Store mascots: Pooch with personality
|By Jennifer McEntee|
Canine greeter at ArtWare Designs encourages patrons to donate change to help local rescue groups.
Maddie has been the canine greeter at ArtWare Designs on South Carolina’s Hilton Head Island for the past 15 years. She can usually be found sprawled on the cool tile floor or in her custom doghouse built into the shop counter. Like a refined hostess, she’s often dressed in pearls and ribbons.
The 30-pound Schnauzer-border terrier mix is as much of a customer draw as the store’s collection of artsy gifts and souvenirs.
“It doesn’t matter if we’re here. The dog better be here,” ArtWare Designs owner Jennifer Megliore says with a laugh. “She’s definitely spoiled.”
Maddie was a rescue dog that Megliore discovered on a pet-finding website. Maddie is short for Maddigan, a name derived from the Gaelic word for little dog.
“She was found in a high school parking lot without a home or any manners,” she says.
The scruffy pup has been known to chomp on flowers, drink out of puddles and chase moles and squirrels. But when she’s on duty in the shop, Maddie knows it’s her job to follow employees around and get pet by children and adults alike. Her image appears in advertising, social media posts and the store logo.
“We pay her in cheese,” Megliore says.
When Maddie needs a rest from customer service, she can retreat to her hangout integrated into a lower cabinet. She enters the cabinet from behind the shop counter, but patrons can peak at her through a doggy door with her name over it. The facade features a white picket fence, painted flowers, and a cutout replica of Maddie, complete with pearls and bow.
“She’s pretty hooked up,” says Megliore.
Megliore took Maddie to canine obedience classes to make sure she would be comfortable around the range of customers who might come into the store. She’s gained a following of regulars who bring her doggie treats, drawings and photos of their own dogs.
Maddie’s in-store presence even encourages patrons to donate their spare change to eight different rescue groups in the Hilton Head area. A glass change bottle on the counter accumulates about $800 each year, according to Megliore.
“They drop change in. Those little gestures add up,” she says.
ArtWare also sells small plush animals that look like Maddie. The puppy dolls wear the signature pearl-and-bow necklace and are displayed in a vintage suitcase. Proceeds from plush Maddie adoptions benefit local animal rescues.

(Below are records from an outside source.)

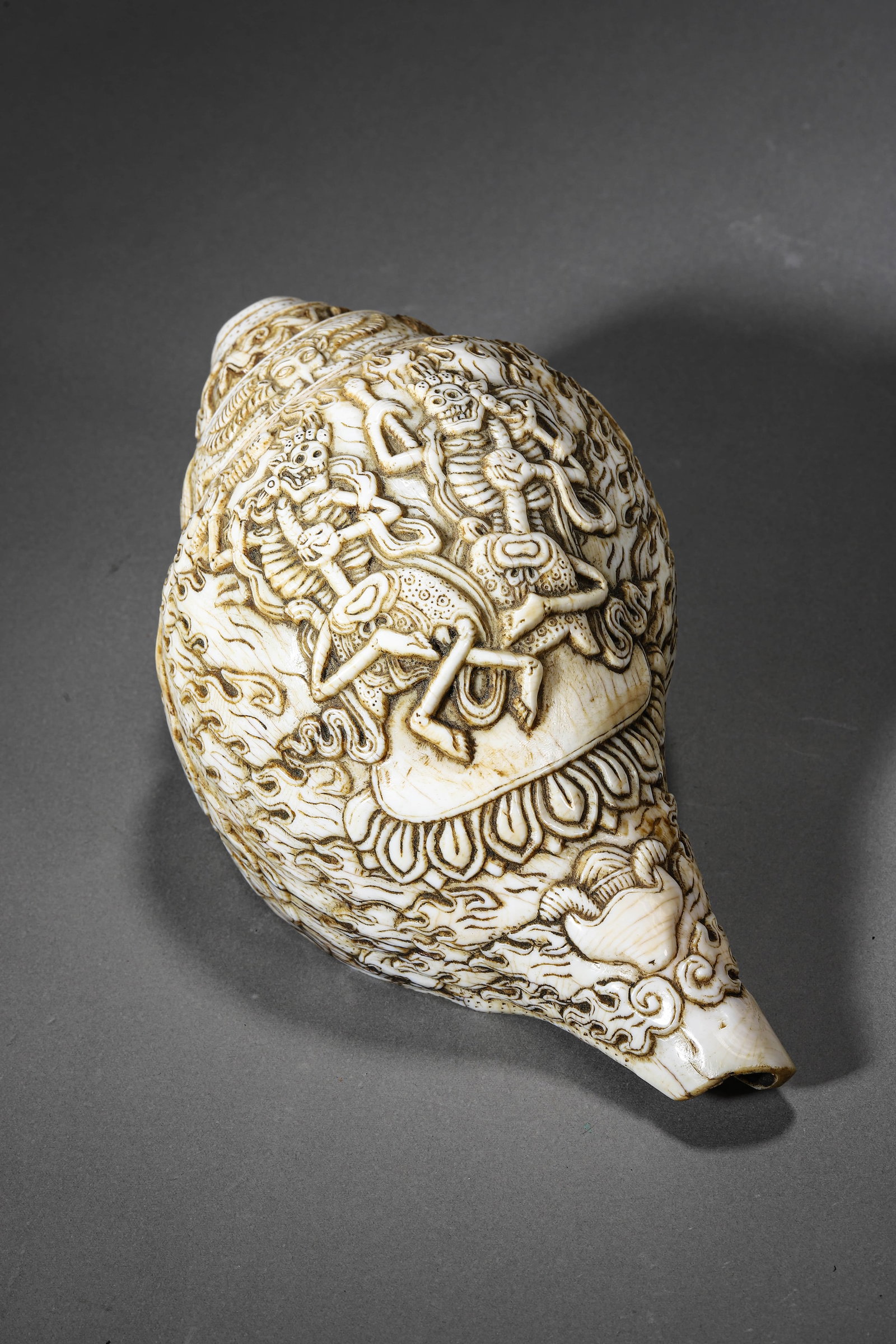 A RELIEF-CARVED CONCH SHELL - 3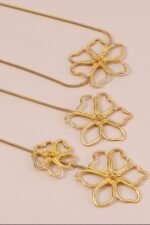 Flower Metal Chain Necklace - Image 6
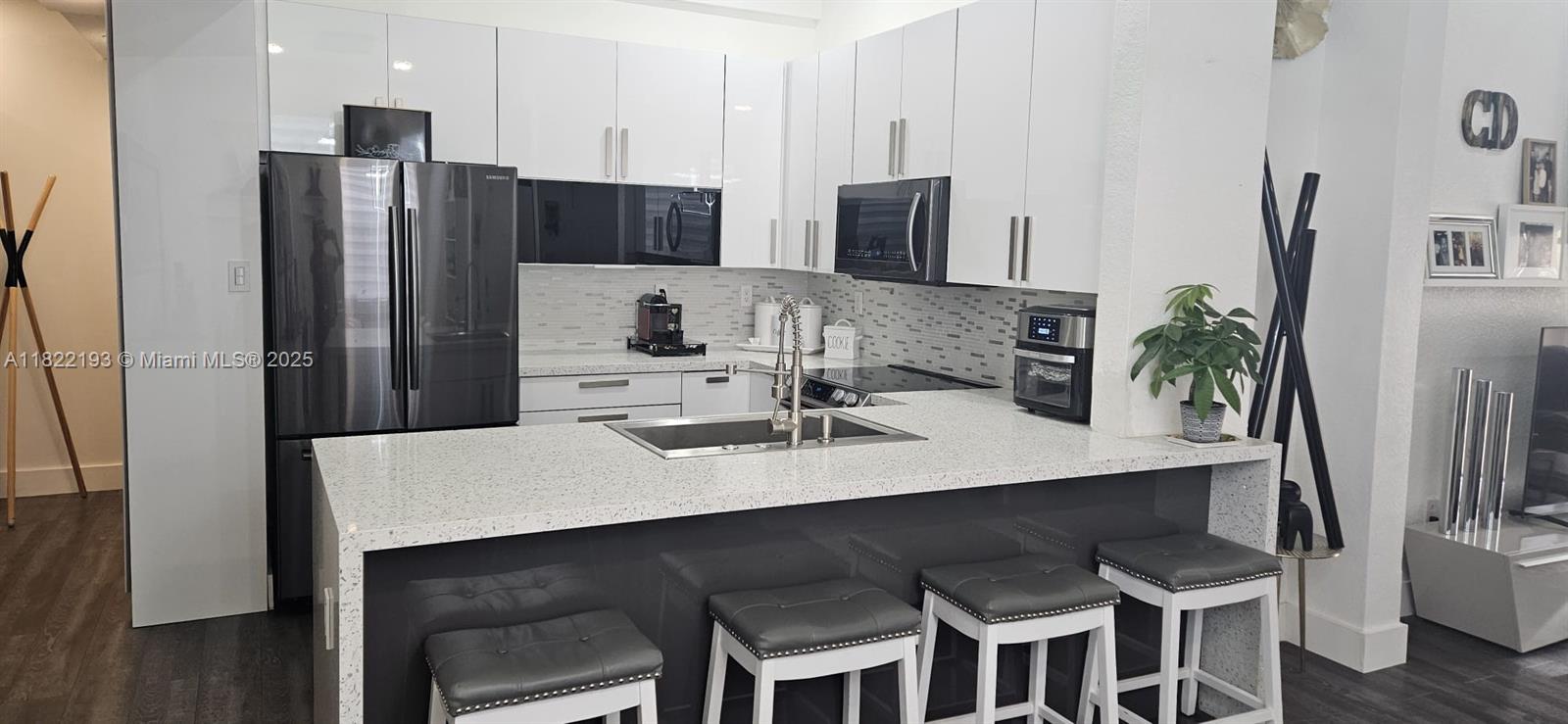 PARCEL D AT SUNSET LAKES - Residential Lease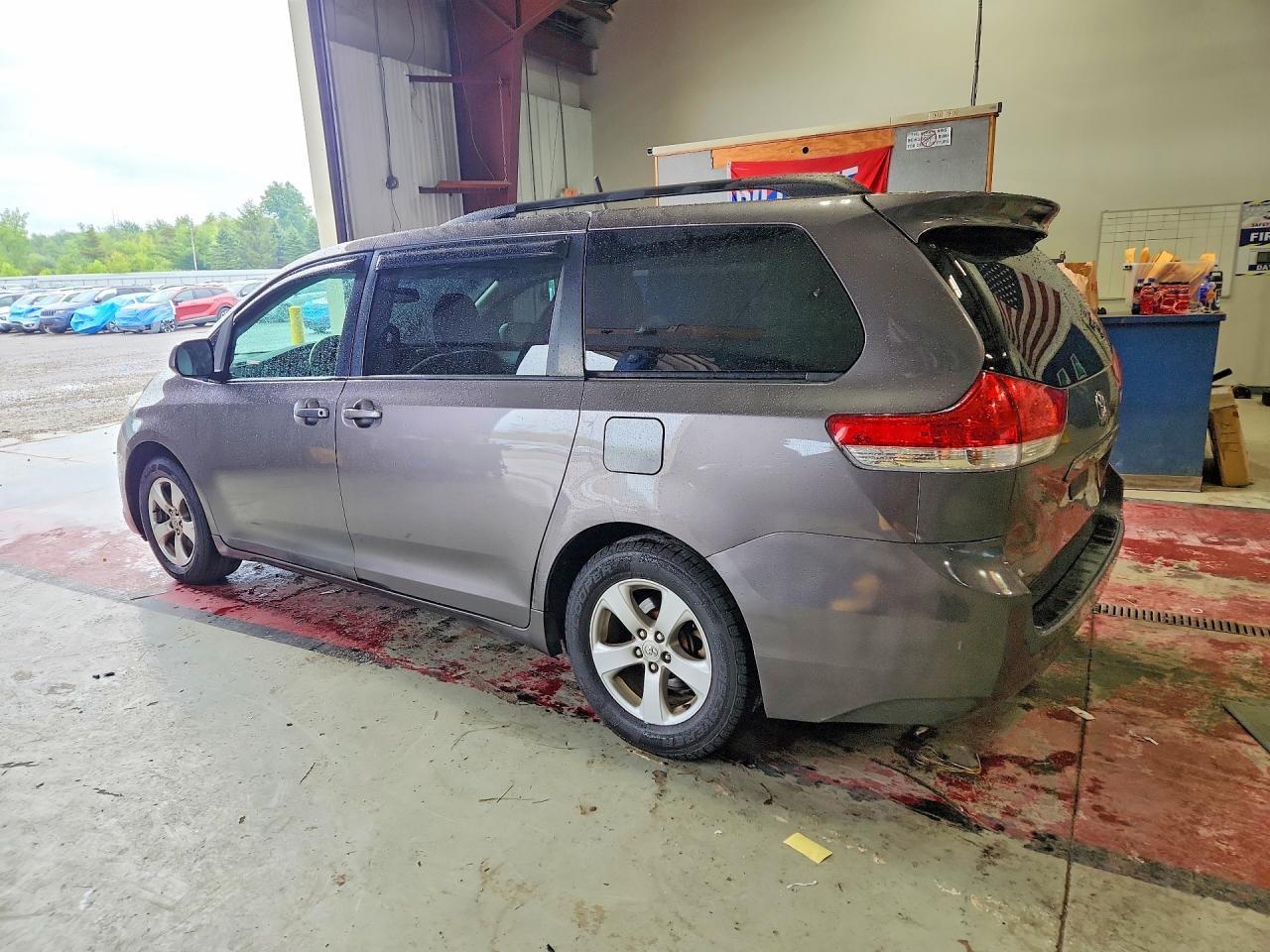 2011 Toyota Sienna Le - Фото 2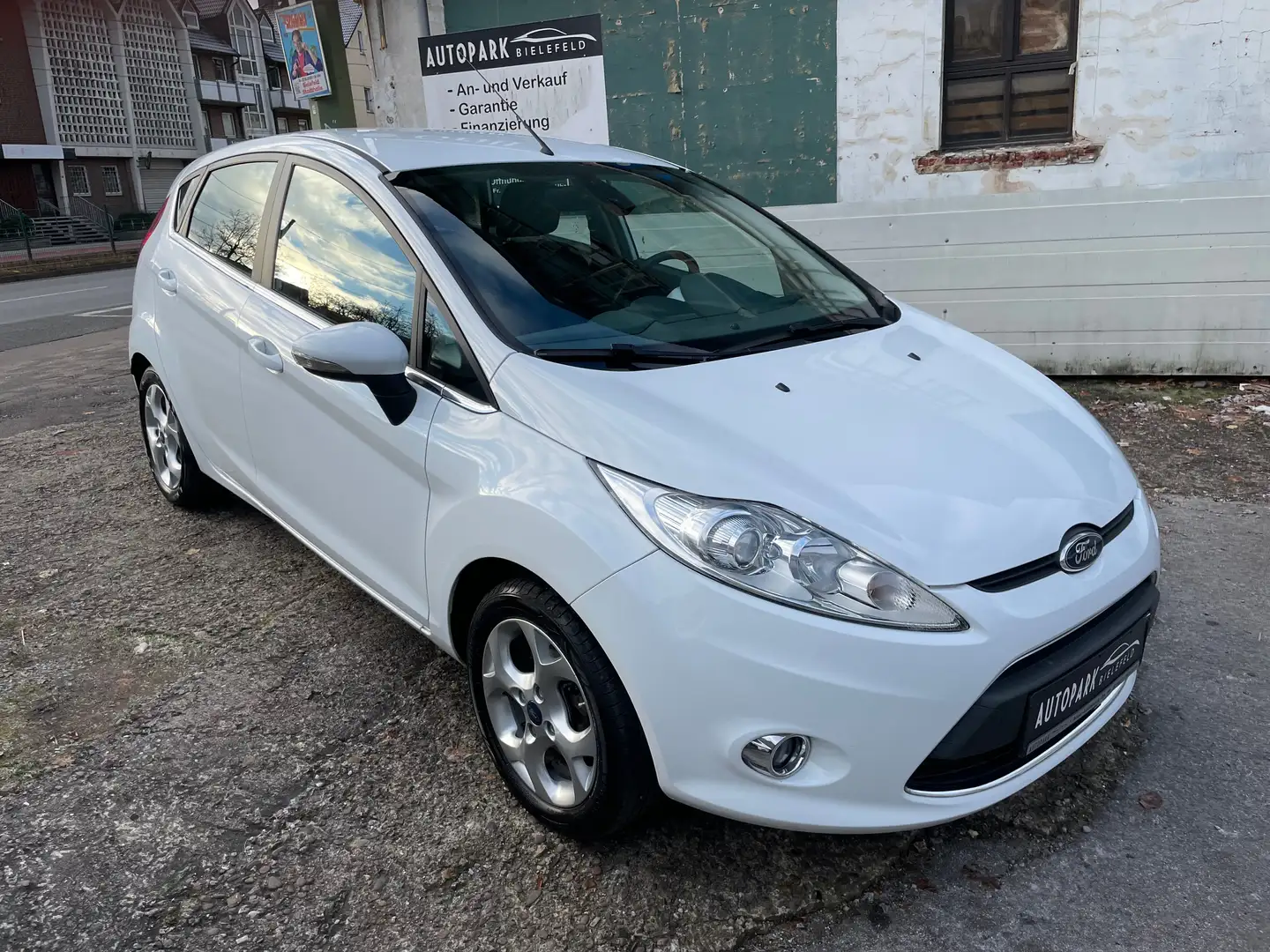 Ford Fiesta 1.4 Titanium / 2.Hand /Klimaauto. /Zahnriemen gew. Blanc - 1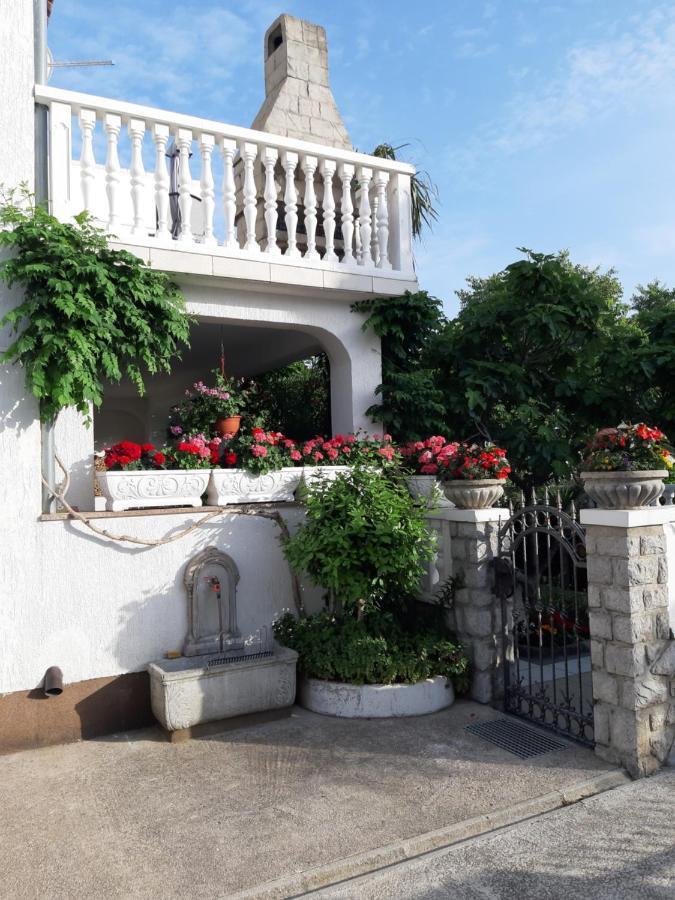 Apartmani Jozefina Omišalj المظهر الخارجي الصورة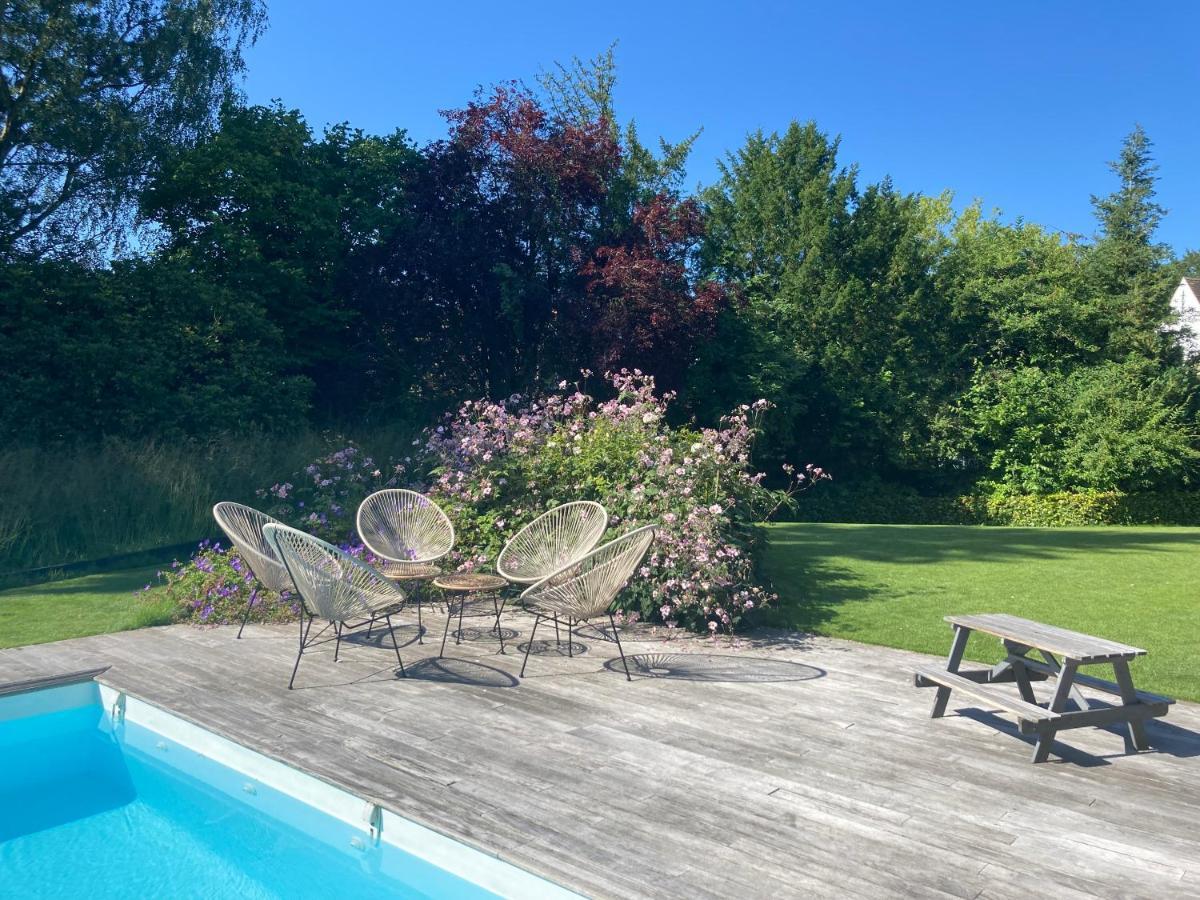 Bed and Breakfast Les Glycines Croix Екстер'єр фото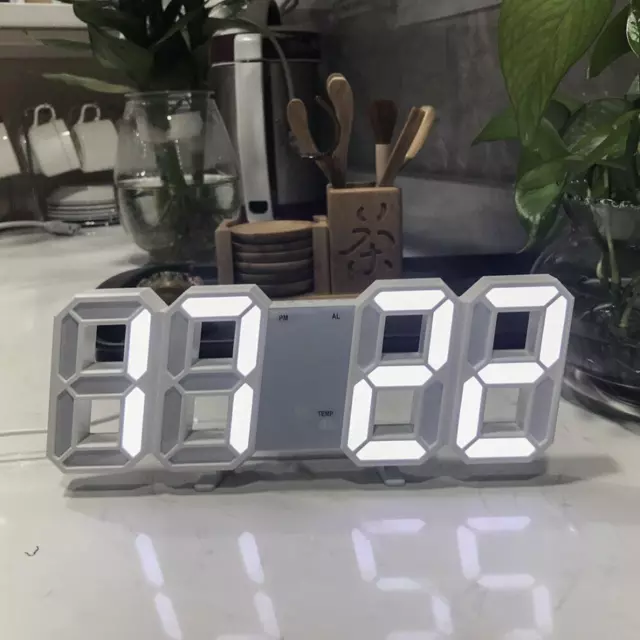 Moderne Digital 3D LED Alarmuhr Wanduhr 24/12Hr Tischuhr Wecker mit Snooze Timer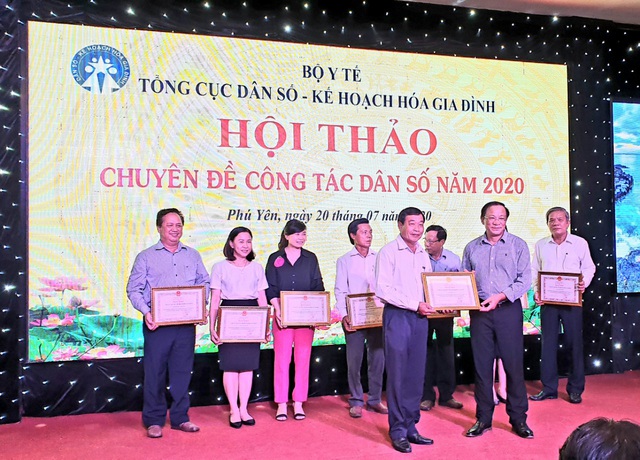 Hội thảo chuyên đề công tác dân số năm 2020 các tỉnh phía Nam - Ảnh 3.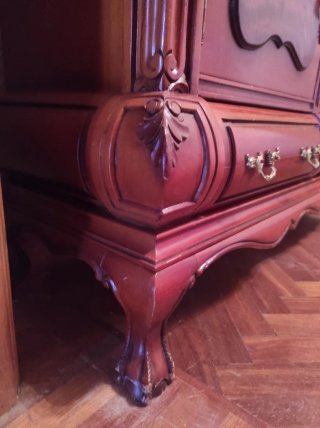Mueble de madera con detalles dorados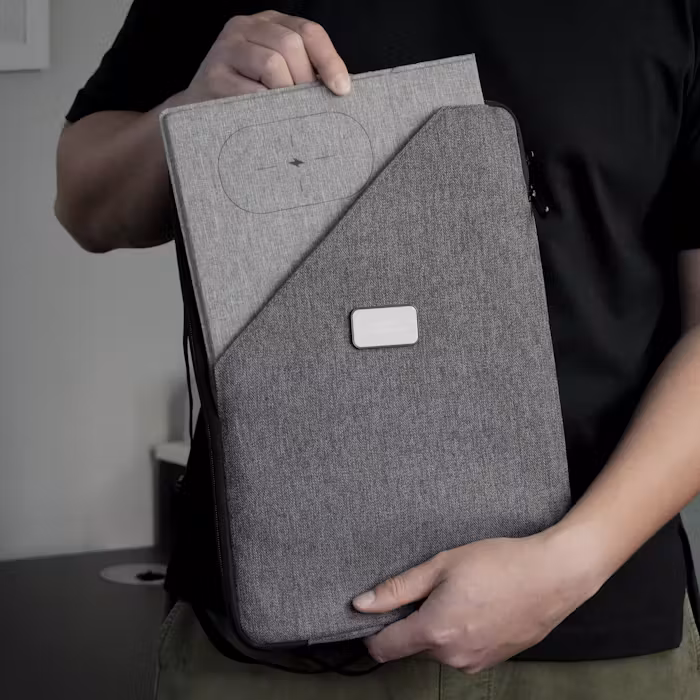 EvoPad Charge Brand Charger (RPET) - alternate view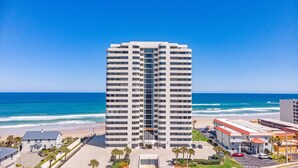 Exterior - Oceanfront Corner - Horizons Condo #1701 (Daytona Beach)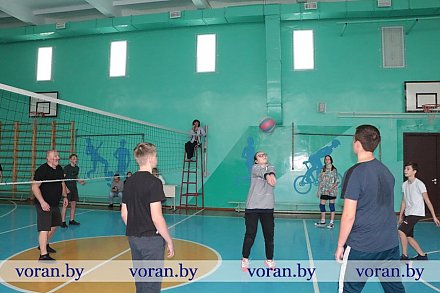 В Вороновской школе в рамках республиканского проекта "Папа-зал" прошли соревнования по волейболу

For customers who want their own dogs to be dressed as well as Maddie, ArtWare has an in-store “pearl boutique” where strands of faux pearls can be sized to fit any breed.
Other in-stock pet goods include water bowls, placemats, collars and leashes. For the pet parent, ArtWare carries clocks, socks, keychains and hats with images of dogs and cats.
Of course, ArtWare is about more than pet gear. First opened in 2000, the shop is filled with colorful apparel, footwear, jewelry, home and garden decor, toys, hand creams and lotions just right for beach days and camping trips.
The inside of the store is bedecked like a beachfront esplanade, with displays made of corrugated metal, painted bike tires, market lights and artificial trees. The centerpiece of ArtWare’s interior design is a large replica camper in teal and white.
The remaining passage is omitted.